- Exercise details: From the line containing "Searchlight Marie Therese" to the end of the records, print every line exactly, both ends included, and leave out the pictures.

(Extracted data entries)
_ _ _

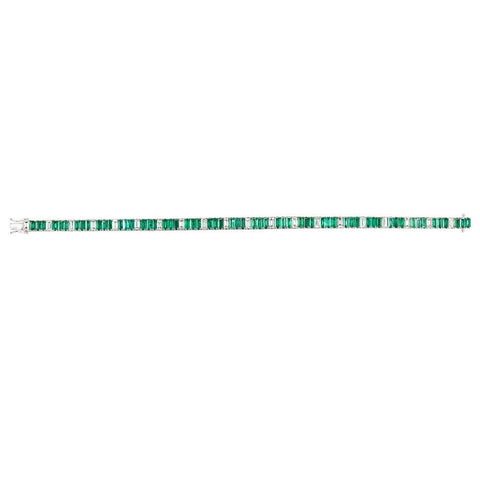 Emerald and Diamond Bracelet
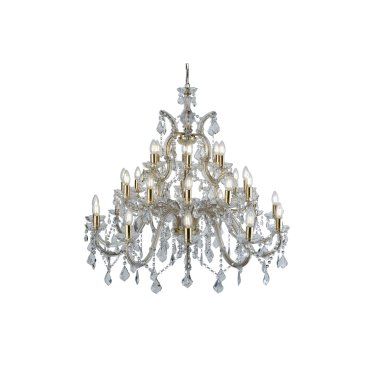 Searchlight Marie Therese - luster - Ø 98 x 150 cm - goud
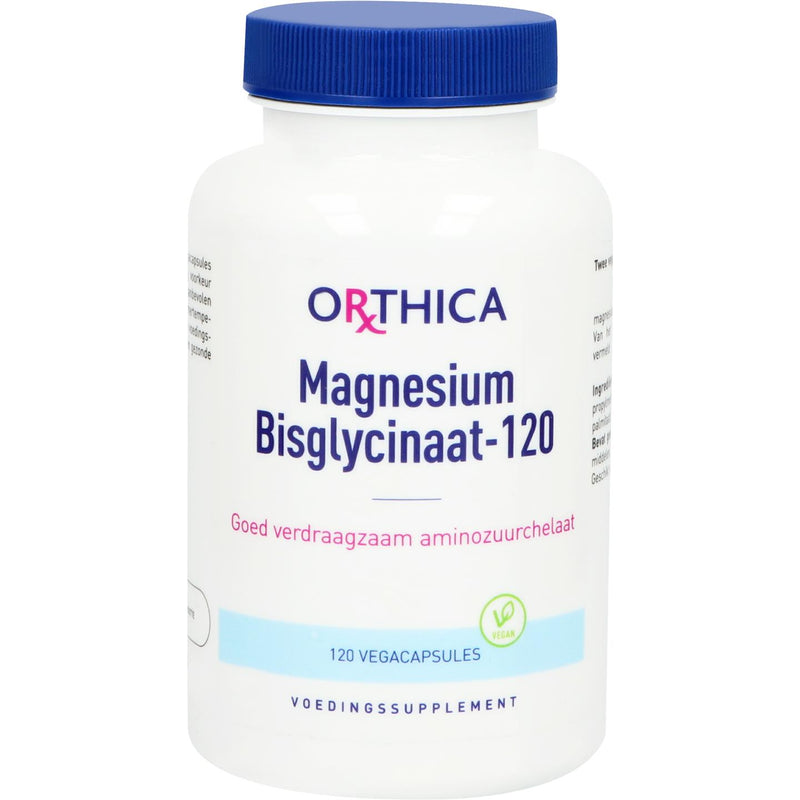 Orthica Magnesium Bisglycinaat-120 - 120 Vegetarische capsules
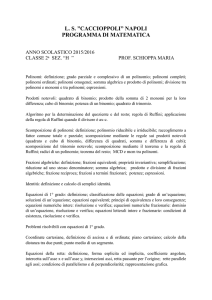 ls ”caccioppoli” napoli programma di matematica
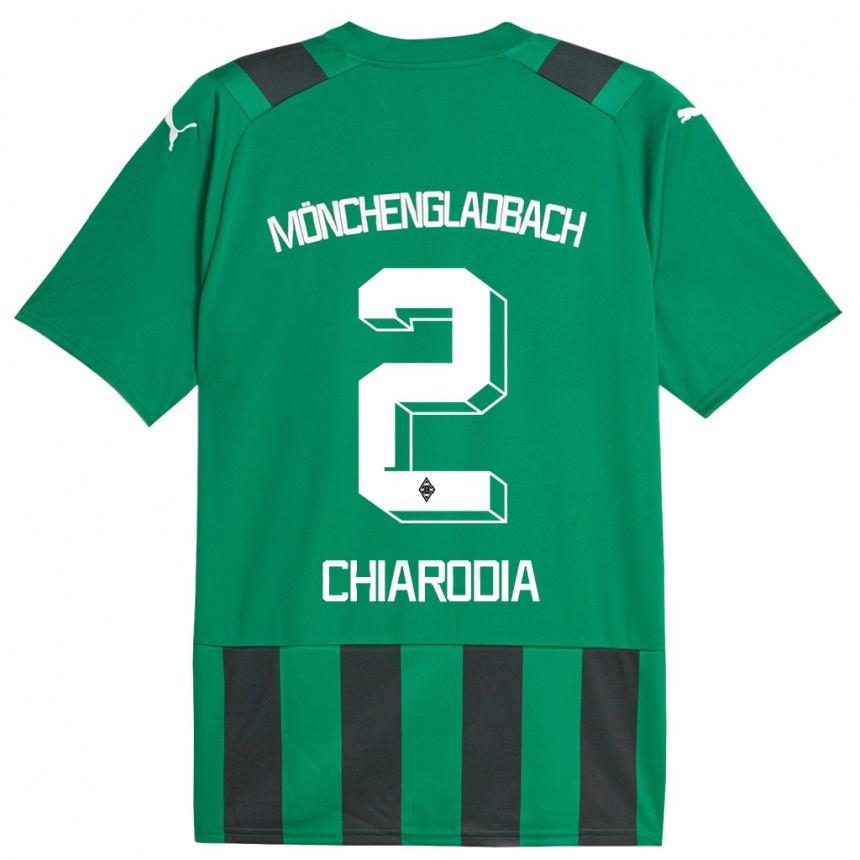 Mujer Fútbol Camiseta Fabio Chiarodia #2 Verde Negro 2ª Equipación 2023/24 México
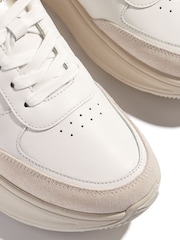 Blanco crema - FitFlop F-Mode Leather Suede Metallic Flatform White Sneakers - Imagen 5 de 5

_ _ _

- Written response:
 Searchlight Marie Therese - luster - Ø 98 x 150 cm - goud
 Orthica Magnesium Bisglycinaat-120 - 120 Vegetarische capsules
 ls ”caccioppoli” napoli programma di matematica
 Mujer Fútbol Camiseta Fabio Chiarodia #2 Verde Negro 2ª Equipación 2023/24 México
 Blanco crema - FitFlop F-Mode Leather Suede Metallic Flatform White Sneakers - Imagen 5 de 5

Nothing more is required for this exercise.